These quotations show that he was struggling to see in the origin of species a process just as scientifically comprehensible as the birth of individuals. They show, I think, that he recognised the two things not merely as similar but as identical.

It is impossible to know how soon the ferment of uniformitarianism began to work, but it is fair to suspect that in 1832 he had already begun to see that mutability was the logical conclusion of Lyell's doctrine, though this was not acknowledged by Lyell himself.

There were however other factors of change. In his Autobiography{5} he wrote:—"During the voyage of the Beagle I had been deeply impressed by discovering in the Pampean formation great fossil animals covered with armour like that on the existing armadillos; secondly, by the manner in which closely allied animals replace one another in proceeding southward over the Continent; and thirdly, by the South American character of most of the productions of the Galapagos archipelago, and more especially by the manner in which they differ slightly on each island of the group; none of the islands appearing to be very ancient in a geological sense. It was evident that such facts as these, as well as many others, could only be explained on the supposition that species gradually become modified; and the subject haunted me."

{5} Life and Letters, i. p. 82.

Again we have to ask: how soon did any of these influences produce an effect on Darwin's mind? Different answers have been attempted. Huxley{6} held that these facts could not have produced their essential effect until the voyage had come to an end, and the "relations of the existing with the extinct species and of the species of the different geographical areas with one another were determined with some exactness." He does not therefore allow that any appreciable advance towards evolution was made during the actual voyage of the Beagle.

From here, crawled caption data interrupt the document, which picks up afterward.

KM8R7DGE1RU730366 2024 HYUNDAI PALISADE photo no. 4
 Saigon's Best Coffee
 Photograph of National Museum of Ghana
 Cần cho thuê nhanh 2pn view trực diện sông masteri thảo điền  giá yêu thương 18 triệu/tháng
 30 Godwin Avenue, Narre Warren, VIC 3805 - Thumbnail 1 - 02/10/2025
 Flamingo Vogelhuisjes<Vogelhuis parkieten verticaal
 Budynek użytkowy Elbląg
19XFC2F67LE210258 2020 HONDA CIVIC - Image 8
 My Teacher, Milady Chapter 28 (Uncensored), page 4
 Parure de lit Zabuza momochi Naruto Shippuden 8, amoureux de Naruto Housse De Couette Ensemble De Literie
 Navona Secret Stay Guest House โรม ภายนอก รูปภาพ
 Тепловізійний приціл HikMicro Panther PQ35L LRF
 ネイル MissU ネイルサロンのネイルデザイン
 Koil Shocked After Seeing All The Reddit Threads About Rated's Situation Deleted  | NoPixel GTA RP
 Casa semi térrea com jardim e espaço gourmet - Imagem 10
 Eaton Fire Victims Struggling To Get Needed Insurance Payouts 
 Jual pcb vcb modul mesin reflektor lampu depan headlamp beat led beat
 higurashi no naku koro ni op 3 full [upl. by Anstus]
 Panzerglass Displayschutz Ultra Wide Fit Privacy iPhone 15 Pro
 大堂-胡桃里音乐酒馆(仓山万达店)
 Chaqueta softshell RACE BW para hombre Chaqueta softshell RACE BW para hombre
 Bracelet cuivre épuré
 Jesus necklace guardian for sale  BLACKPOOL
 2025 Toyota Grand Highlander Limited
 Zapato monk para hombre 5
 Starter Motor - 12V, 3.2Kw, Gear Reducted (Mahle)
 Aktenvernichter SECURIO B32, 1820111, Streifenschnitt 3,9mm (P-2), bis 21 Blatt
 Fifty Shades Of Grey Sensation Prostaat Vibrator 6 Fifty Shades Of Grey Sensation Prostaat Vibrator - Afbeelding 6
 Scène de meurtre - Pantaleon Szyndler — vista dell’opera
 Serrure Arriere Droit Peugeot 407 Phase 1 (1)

{6} Obituary Notice, loc. cit.

Professor Judd{7} takes a very different view. He holds that November 1832 may be given with some confidence as the "date at which Darwin commenced that long series of observations and reasonings which eventually culminated in the preparation of the Origin of Species."

{7} Darwin and Modern Science.

Though I think these words suggest a more direct and continuous march than really existed between fossil-collecting in 1832 and writing the Origin of Species in 1859, yet I hold that it was during the voyage that Darwin's mind began to be turned in the direction of Evolution, and I am therefore in essential agreement with Prof. Judd, although I lay more stress than he does on the latter part of the voyage.

Let us for a moment confine our attention to the passage, above quoted, from the Autobiography and to what is said in the Introduction to the Origin, Ed. i., viz. "When on board H.M.S. 'Beagle,' as naturalist, I was much struck with certain facts in the distribution of the inhabitants of South America, and in the geological relations of the present to the past inhabitants of that continent." These words, occurring where they do, can only mean one thing,—namely that the facts suggested an evolutionary interpretation. And this being so it must be true that his thoughts began to flow in the direction of Descent at this early date.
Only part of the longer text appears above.